Administration Plan Paves Way for Safely Importing Prescription Drugs
Consumers could get access to lower-priced medicines from abroad
En español | The Trump administration Wednesday outlined a framework for allowing prescription drugs to be imported from Canada and other foreign countries, something that could help consumers better afford the medicines they need to stay healthy.
The Department of Health and Human Services (HHS) and the Food and Drug Administration (FDA) released a two-pronged approach to importing cheaper drugs from abroad. The Safe Importation Action Plan does not include a specific timetable.
“This is the next important step in the Administration's work to end foreign freeloading and put American patients first,” HHS Secretary Alex Azar said in a statement. Azar has historically opposed allowing medications to be brought in from other countries, but this year the president directed him to work with Florida and other states on their plans for drug importation. A provision in the 2003 Medicare Part D prescription drug law already permits importing drugs under certain conditions, but HHS has never approved such a program.
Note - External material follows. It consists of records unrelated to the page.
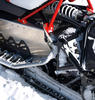 2012 Polaris Rush 600 Rear Suspension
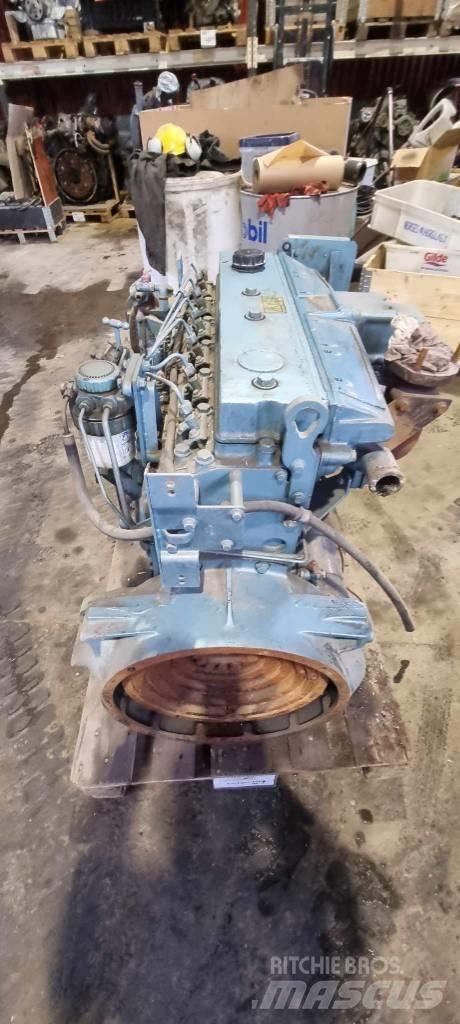 Perkins 100 KW 引擎/發動機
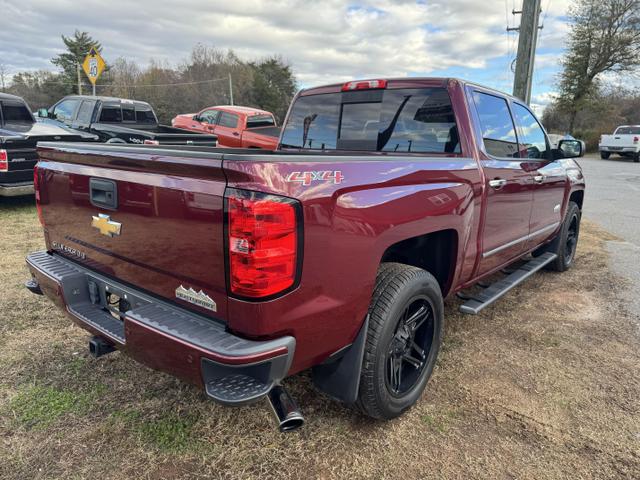 2014 Chevrolet Silverado 1500 High Country photo 5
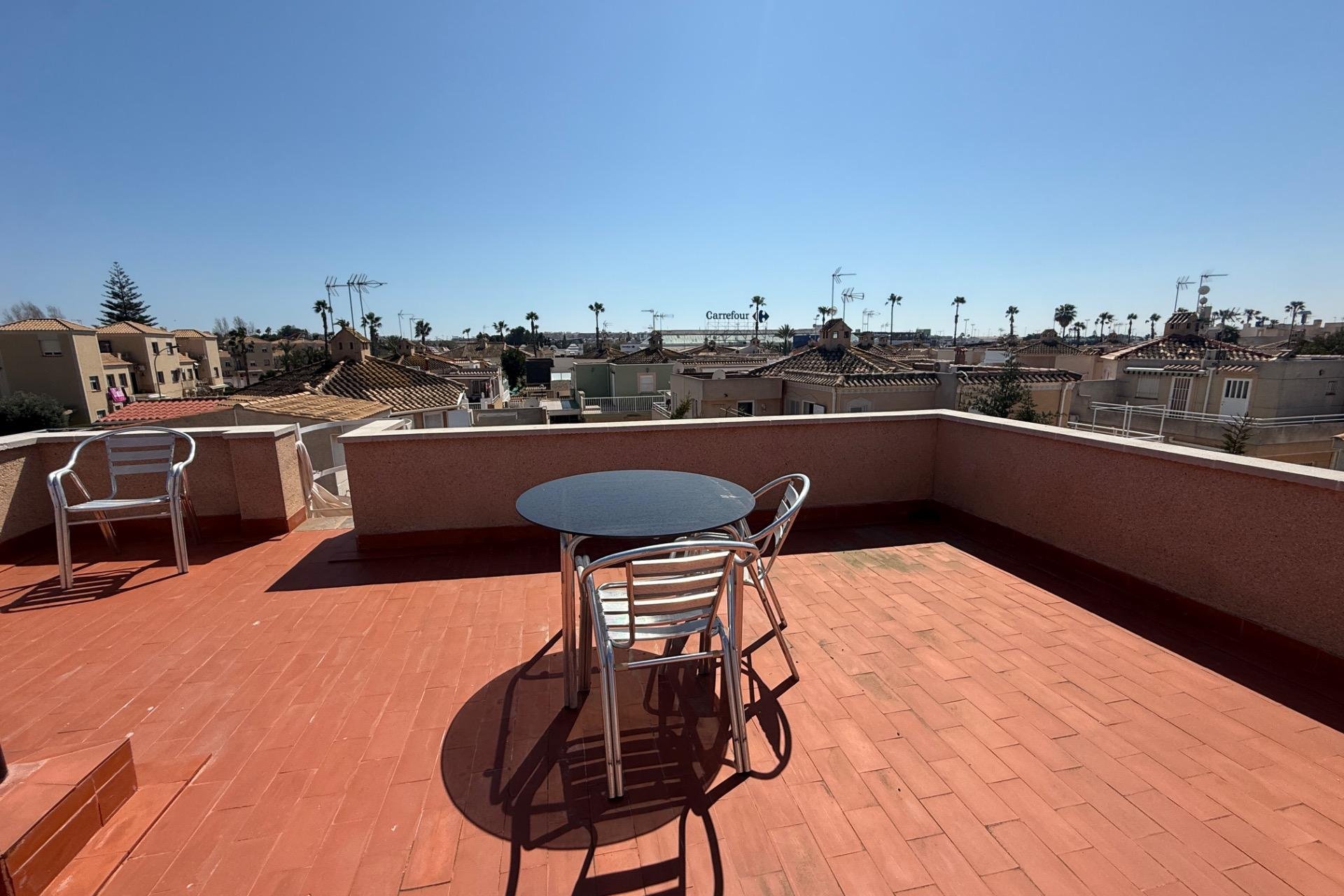 Revente - Town House -
Torrevieja - Carrefour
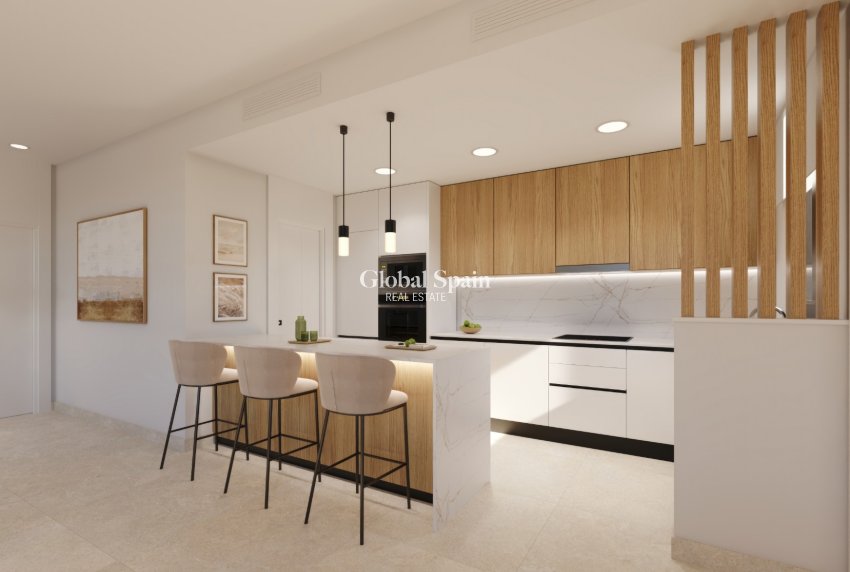 Nueva construcción  - VILLA -
FUENTE ÁLAMO DE MURCIA - FUENTE ÁLAMO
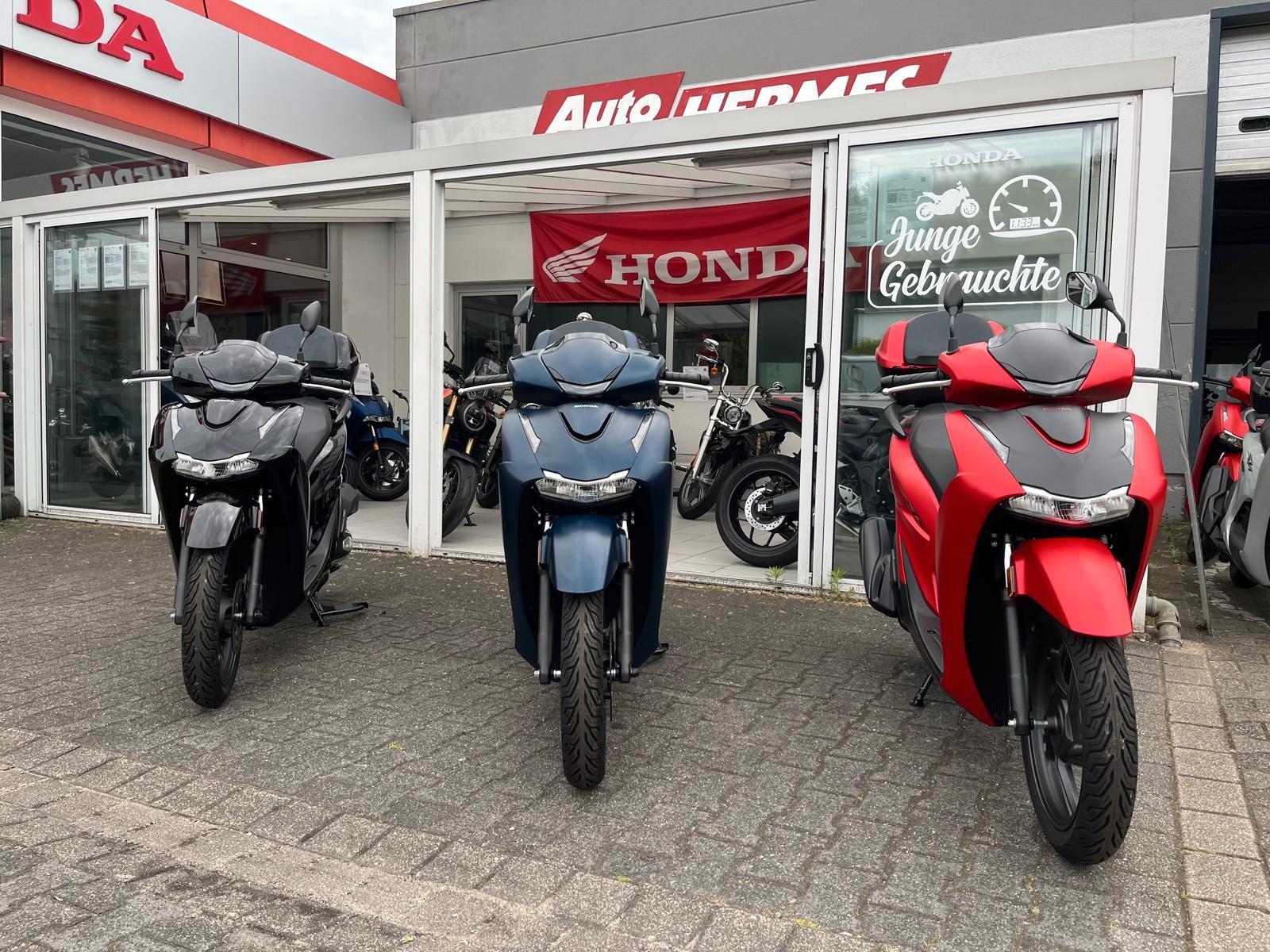Honda SH 150i *Aktionspreis versch. Farben*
Allowing drugs to be safely imported from Canada and other countries is one of the pillars of AARP's Stop Rx Greed campaign, which calls on federal and state officials to find ways to lower the price of lifesaving medicines for all Americans.
"Today's announcement is an important signal that the administration agrees that lower-priced drugs can be safely imported and that the FDA should use its full authority under law to help American consumers,” Nancy LeaMond, AARP executive vice president and chief advocacy and engagement officer, said in a statement. “Let's be clear: There is a crisis in drug prices, and the safe, legal importation of less expensive prescription drugs is one step that will help lower costs and add competitive pressure on drugmakers to lower the prices they set in the U.S."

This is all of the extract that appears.